IPOs can be a bad investment.
This has been a big year for initial public offerings, but investors should think twice before buying a new IPO stock blindly. For every IPO that sizzled, like Beyond Meat(ticker: BYND) which debuted in May around $45 and soared higher than $225, there are those that fizzle. Two recent IPO stocks, Lyft (LYFT) and Uber (UBER), are trading at less than their respective IPO prices. Connor Browne, portfolio manager for Thornburg Investment Management, says investors who are thinking about buying a new IPO stock need to consider how it fits into their total asset allocation and their risk profiles. “Stick to that and try not to worry too much about the watercooler talk,” Browne says. Here are seven reasons not to buy an IPO.
Average investors can’t buy at the initial price.
The “I” in IPO is the stock’s initial offering price, but that price goes to investors who were able to get in on the deal ahead of time. Unless someone is a big client at a brokerage firm, average investors can’t buy at the IPO price, says David Schneider, a certified financial planner at Schneider Wealth Strategies. “Allocations of hot IPOs are not in the cards for mere mortals,” he says. Investors who are lucky enough to get a small IPO allocation won’t receive enough shares to have it make a significant financial impact for them. If an individual can get a meaningful allocation to an IPO, that can be a red flag. “It means that the institutions passed on it,” he says.

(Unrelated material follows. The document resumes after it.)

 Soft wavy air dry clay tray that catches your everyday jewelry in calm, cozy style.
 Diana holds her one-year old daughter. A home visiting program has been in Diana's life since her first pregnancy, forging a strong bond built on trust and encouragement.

IPOs may underperform benchmarks.
Schneider cites an August research report from Dimensional Advisors which shows poor performance by IPOs. Dimensional studied the first-year performance of more than 6,000 U.S. IPOs from 1991 to 2018 and found these stocks generally underperformed industry benchmarks. “Generally speaking, it doesn’t look like IPOs do particularly well relative to other stock market investments when you control for relevant risk factors,” he says. There are individual cases, in which an investor has some sort of connection to a company to buy shares at the IPO price of a hotly anticipated stock that is oversubscribed, but again, retail investors don’t get access to those shares, experts say.
Valuations still matter.
Hot IPOs can see their share prices rise sharply in the first few days and weeks of trading, sending the valuations to outsized levels, with price-earnings ratios high. Browne says that puts pressure on the company to “do incredible things” to make the stock meet the expectations that those high share prices suggest. Many of the IPOs that came on to market this year reported negative earnings before their IPOs, he says. “Investors need to think for a moment about what sort of expectations are embedded within the valuations of some IPOs we’ve seen recently,” he says.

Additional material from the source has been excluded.